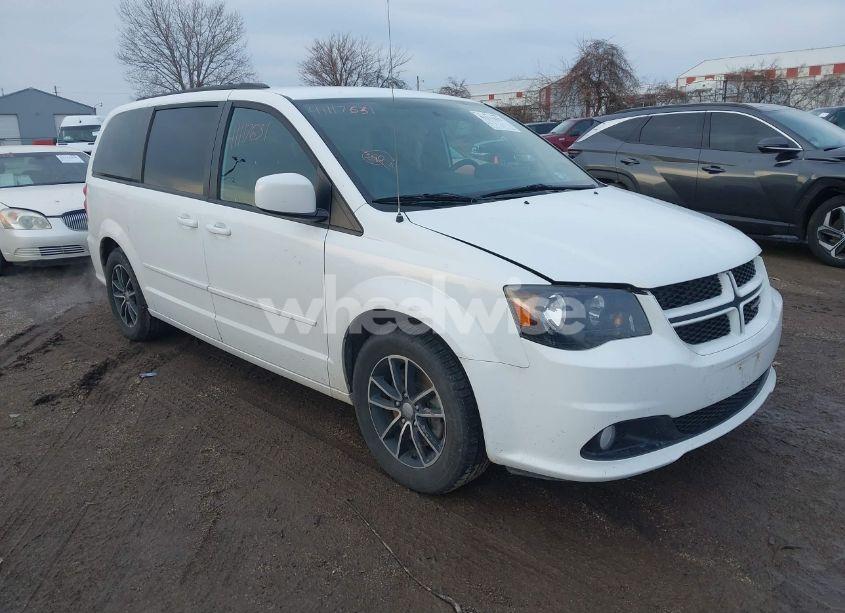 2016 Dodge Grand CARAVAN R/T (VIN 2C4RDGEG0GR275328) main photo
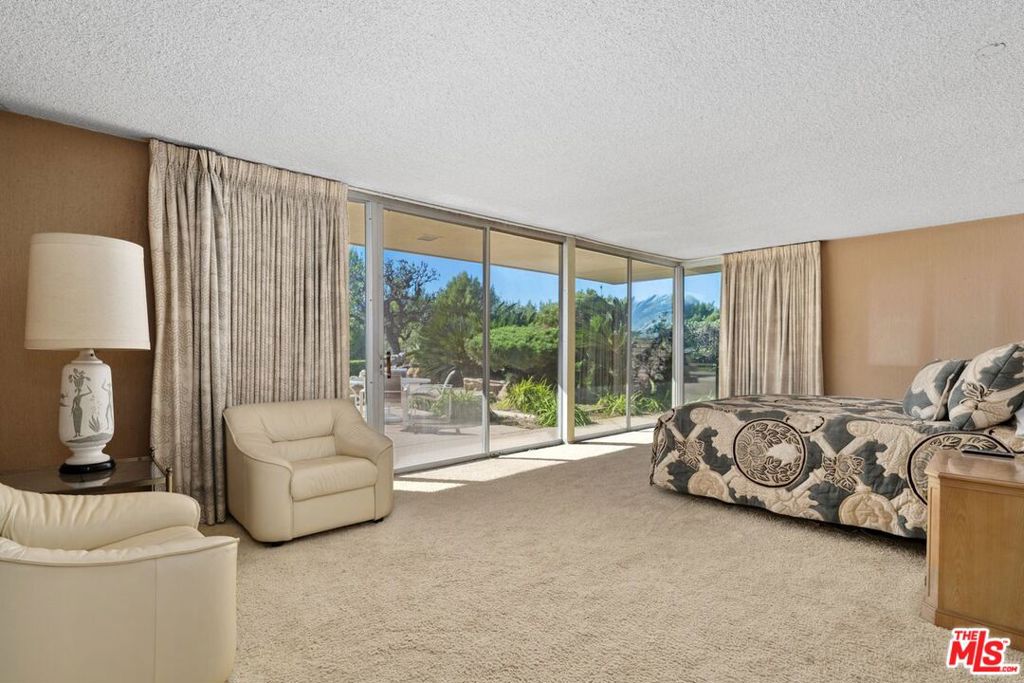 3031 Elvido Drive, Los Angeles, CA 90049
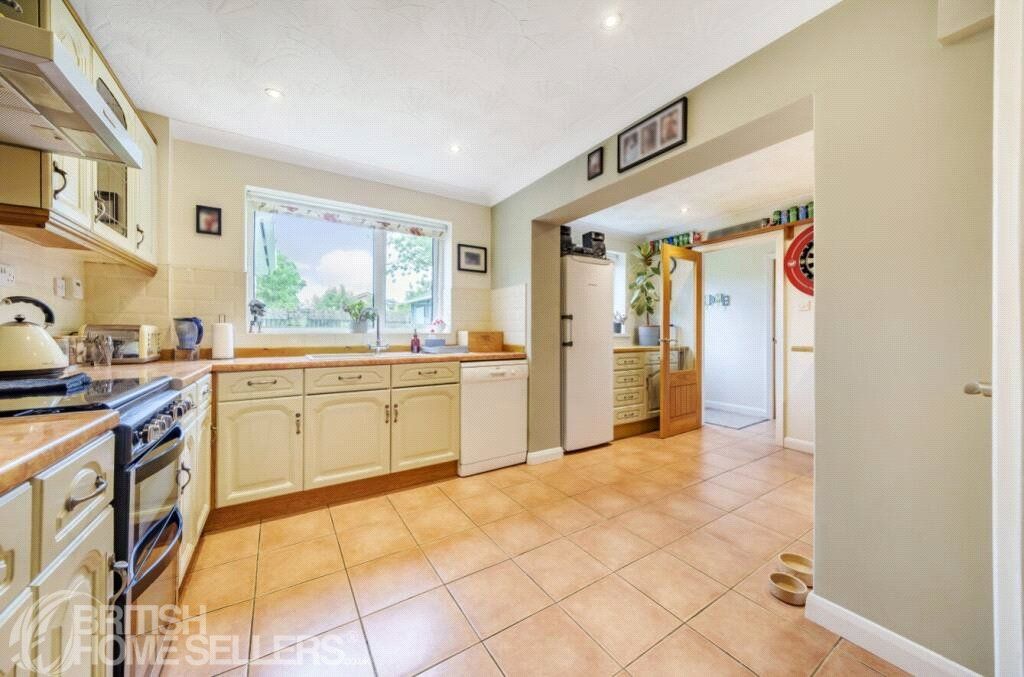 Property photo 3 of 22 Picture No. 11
---------------
Apart from its pictures, the data is to be repeated exactly.

■ ANSWER FOR THE TASK ■
 2016 Dodge Grand CARAVAN R/T (VIN 2C4RDGEG0GR275328) main photo
 3031 Elvido Drive, Los Angeles, CA 90049
 Property photo 3 of 22 Picture No. 11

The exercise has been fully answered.